Volt vs. Toyota

Coyote wonders about the contrast between the frantic, America-in-crisis media and political coverage of an imaginary Toyota sudden acceleration glitch and the considerably mellower reception given an alleged safety hazard in Chevy Volts, put out by government-sponsored General Motors.


  • Alleged safety hazard?

    Alleged nothing, they have actually burst into flame many days after a side-impact collision. Alleged my foot.

  • It is more than just the lack of coverage on the safety hazard.

    Not many people know that GM has offered loaner cars to people while the Volt’s safety issues are being addressed.

    Even worse is that GM is now offering to buy back Volts from owners who are worried about the safety issue.
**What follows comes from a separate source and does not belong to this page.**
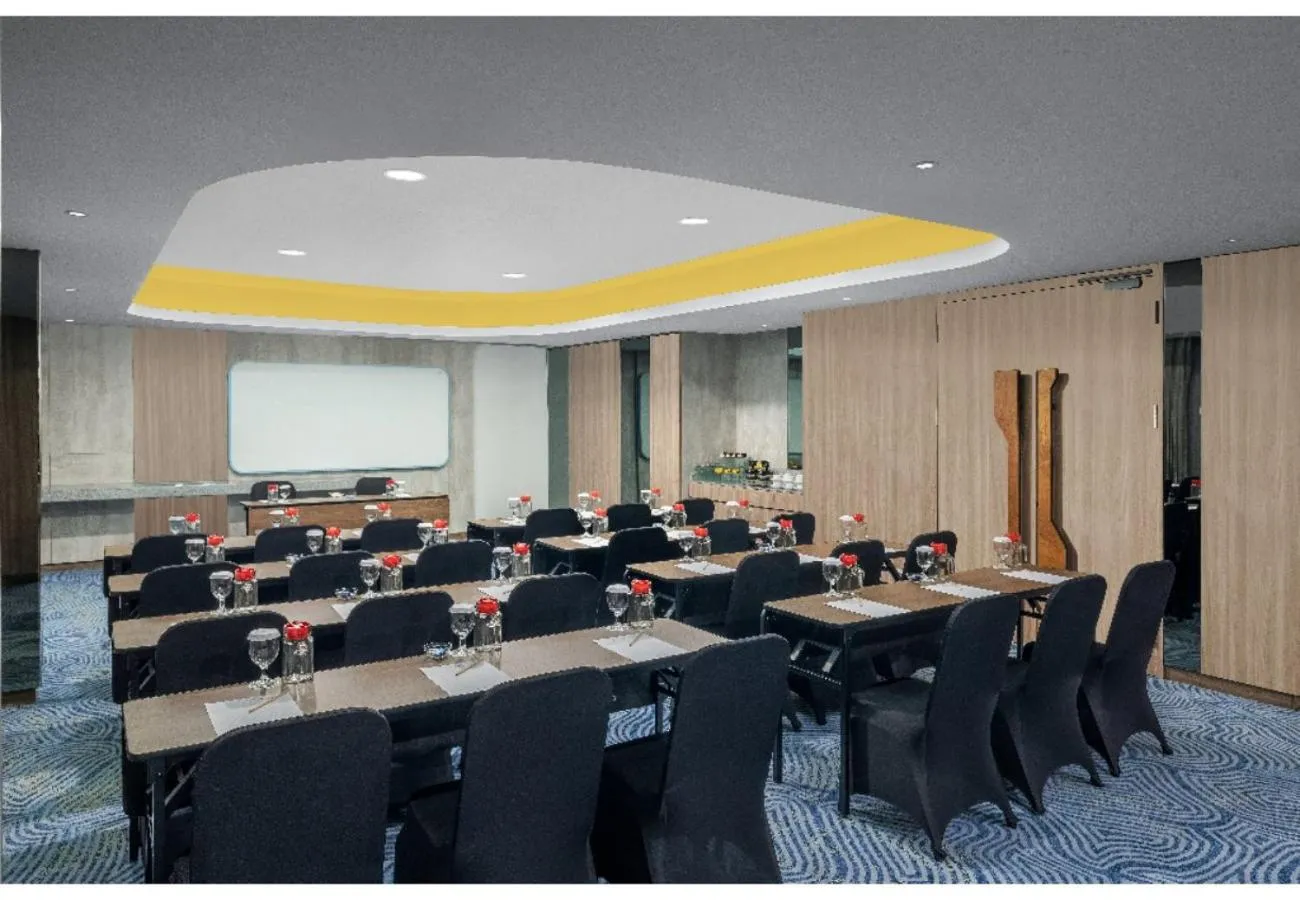 Meeting/conference room in Harper Banjarmasin by ASTON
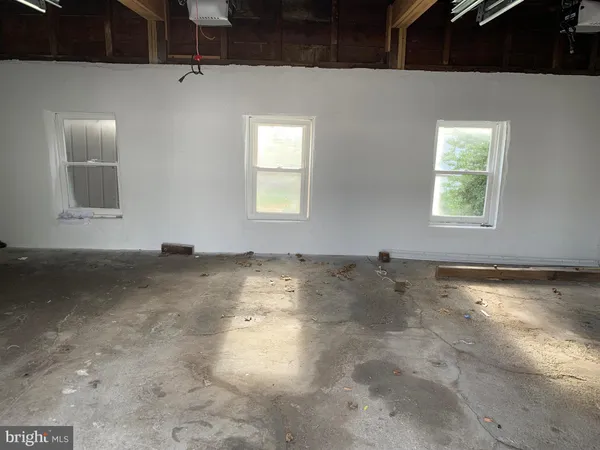 a view of a storage & utility room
The buy back is at full price – what the customer paid the dealer for the car.

    What the buy back doesn’t address (because it cannot) is the tax rebate to Volt owners for purchasing the car in the first place.

    Basically this means that if a Volt owner didn’t like the car, wants a newer model, has a concern for the safety of the vehicle, or whatever, the taxpayers have paid them $7,500 to drive the Volt for a maximum of 10 months (that’s how long the car has been out.)

    Toyota gets sued as well as called into the Senate for hearings on their product.

    GM gets to keep the notice of the safety investigation quiet, buy back cars at full price and we the tax payers foot the bill.

    (And while I am not a conspiracy theorist, I do question the timing of the announcement the NHSTA was opening a formal investigation into the Volt on “Black Friday” when people are running around, exhausted and not taking notice of the news to be highly suspect.)